ノヴァーリスの引用も滝も最近のミステリーではあまりお見かけしない小説でした。というかすごく緻密な感じで読むのにはかなりエネルギーと時間がかかりました。ノヴァーリスの引用は中井英夫の「虚無への供物」を思い出しました。あれほどペダンティックではないのですがやはり同じような教養小説的なにおいがふんぷんとします。私の好みには合っています。滝のほうが物語的にはわかりやすさがありました。

2015/10/16

安南

『滝』完璧な純粋を極めて上り詰めた先には転落か死しかない。
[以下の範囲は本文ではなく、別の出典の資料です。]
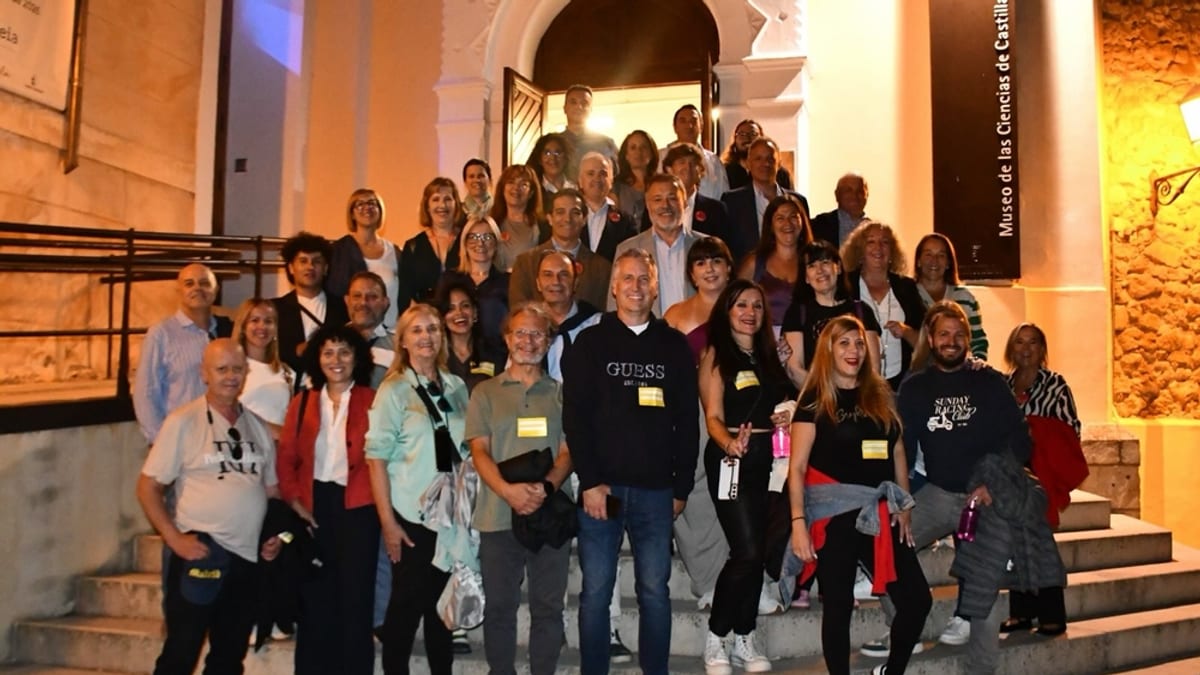 Grupo de profesionales de agencias de viajes en Cuenca durante la visita de promoción turística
三島文学『奔馬』をなぞった作品であるのは間違いないが、最後の顔を破壊する理由は?それも三島の大の苦手である蟹に食いちぎらせるとは。これは三島文学のオマージュなんていう生易しいものではなく三島への挑戦状なのかもしれない。ストーリーそのものは三島の短編『剣』を換骨奪胎といったところで『蘭陵王』にも雰囲気に共通するところがあると感じたがそれはむしろ《顔》へのこだわり?『剣』では葉隠にある顔の皮の剥がし方について話す件があった。それに応えてなのか。

2015/05/14

絹恵

過去へ過去へと潜って真実に触れようとするたびに、心の迷宮に踏み入るようです。過去を見ても未来を思っても、人は苦悩を重ね、咎めたり庇ったりします。でもどの哲学者よりも簡単に真実を語るジャック・クリスピン曰く"死んでるみたいに生きたくない。生きてるみたいに生きるんだ"と、生きづらさを感じる全ての人に贈りたいと思いました。そして何と言っても"ノヴァーリスの引用"の使い所にふるえます。

2015/06/25

ヨコツ

これは「真面目な方の」奥泉光らしさがよく出ている一冊じゃあないだろうか。「ノヴァーリスの引用」は始めの方こそ冗長な語りと動きの無さに辟易していたものの、中盤以降は物語がぐっと幻想味を帯び始め、不明確な現実感や石塚の独り語りの圧倒的な吸引力で終幕まで読まされる。二編目の「滝」は三島由紀夫を思わせる設定や人物の登場するディストピア小説で、この先を読めばどんなにか不愉快な出来事が待っているに違いないと思わせる緊張感と不穏な空気に満たされながらも頁を捲る手が止まらない秀作だった。

2015/05/04

しろ

☆6 著者のミステリはどうしてもただのミステリじゃないから相変わらず読むのに疲れるけど、今作の中編二本はねっとりとした雰囲気とか感情のうねるストーリーにのみこまれた。ロジックももちろん多少楽しめたけど雰囲気ミステリかな。